A tiny blonde, Bella reminded him of a voluptuous Disney fairy with her big blue eyes and perky attitude. Bella always wore the same expression, like he’d handed her a winning lottery ticket just by being here. “So nice to see you again. How is your mother?”
“She’s good.”
He settled his weight on one leg and waded through her usual hi-how-are-ya ritual. Bella stuck to it with a sort of religious reverence. One by one she would go through each member of the family and ask. Wherever and whenever they met up. It was a little annoying, but kindly meant. It actually seemed as if she cared, because she certainly listened closely enough to the answer. Thank God, there weren’t as many Evans kids as the Barrowses. Nine of them, at last count, and it looked like Mrs. Barrows had number ten beneath the hood.
“And Nate?” Bella went a little pinker around the cheeks at the mention of his middle brother. Nate had his pick of women, was knee-deep in them with his position as sheriff. It didn’t hurt that he was the family pretty boy, either.
“Actually, he sends his regards.” It was wrong on so many levels, but he could never resist. Nate would find himself facing one of Bella’s pink casserole dishes before the end of the day. Honey sweet as she was, Bella needed to hang up her apron, for the safety of stomach linings everywhere.
“And Isaac?”
“He’s good.” Telling Bella that Isaac was still thick as pig shit
wouldn’t go down well. Actually, Isaac was far from dumb. Isaac was . . . apathetic. It was as close as he could get to his youngest brother’s issue.
Bella’s face creased in a concerned frown. “Have you heard from Eric?”
“Nope, not lately.”
“I have.” Jo unfolded from a pink, round couch thing.

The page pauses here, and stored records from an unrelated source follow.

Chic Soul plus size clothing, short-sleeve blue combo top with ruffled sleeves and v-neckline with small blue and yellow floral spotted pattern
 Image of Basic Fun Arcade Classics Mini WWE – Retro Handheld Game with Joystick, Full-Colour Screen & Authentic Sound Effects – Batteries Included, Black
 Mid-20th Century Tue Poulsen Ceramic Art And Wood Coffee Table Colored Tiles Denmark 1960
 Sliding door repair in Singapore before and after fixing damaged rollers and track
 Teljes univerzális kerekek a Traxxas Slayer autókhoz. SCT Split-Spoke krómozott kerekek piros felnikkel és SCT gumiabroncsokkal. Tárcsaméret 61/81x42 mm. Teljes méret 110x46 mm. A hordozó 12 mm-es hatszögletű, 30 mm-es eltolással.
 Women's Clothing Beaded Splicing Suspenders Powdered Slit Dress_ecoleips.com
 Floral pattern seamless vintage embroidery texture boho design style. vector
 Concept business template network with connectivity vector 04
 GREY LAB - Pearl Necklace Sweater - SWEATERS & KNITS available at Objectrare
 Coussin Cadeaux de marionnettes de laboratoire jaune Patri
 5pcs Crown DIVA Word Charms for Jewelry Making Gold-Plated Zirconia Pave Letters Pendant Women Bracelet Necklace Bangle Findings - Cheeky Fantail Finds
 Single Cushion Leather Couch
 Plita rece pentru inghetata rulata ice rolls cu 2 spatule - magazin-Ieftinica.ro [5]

All legs and arms, tall for a girl and graceful. Not that you would notice with the whole gothic grunge thing she had going on.
“You’ve heard from Eric?” The world must be heading straight into the sun.
Jo shrugged. “He called me this morning. He’s coming home for the wedding.”
“Really?” Matt stared at Jo, waiting for her to tell him he was being punked. “We’re talking about the same Eric here? Our brother, Eric. About my height, darker hair, a whole helluva lot uglier.”
A smile lit Jo’s face, and Bella giggled her twinkly, fairy laugh.
Damn, his sister was pretty when she smiled. She didn’t do it enough. Not even when her dickwad fiancé was around. A girl ought to smile a lot around the guy she was about to marry. Okay, he wasn’t a woman and most of the time barely understood what they were jawing about, but it seemed to him brides smiled a lot. They got this sort of glow thing. Jo didn’t glow. She seemed . . . resigned. Grim, even. He’d tried talking to her, but she stonewalled him the entire way. He was her brother, for God’s sake. How much help did she expect from her single brother who had barely enough sensitivity to walk into a dress shop without wanting to run for his life?
Maybe he should try and get Mom to see if she could figure out what was going on with Jo.
Phenomenally stupid idea. So stupid it made the skin of his nape crawl. His mother and Jo in the same room, unsupervised, and talking about feelings? Sweet Jesus!
“Okay.” He smacked a grin onto his face. Jo was getting married. Happiest day of her life and all that. She deserved somebody here looking enthusiastic and he was all she had. Poor kid. “Let’s get you a dress. How do we do this?”
Bella giggled and slapped him on the arm. “Jo has already picked out her favorites. All you have to do is sit over there and tell her what you think.”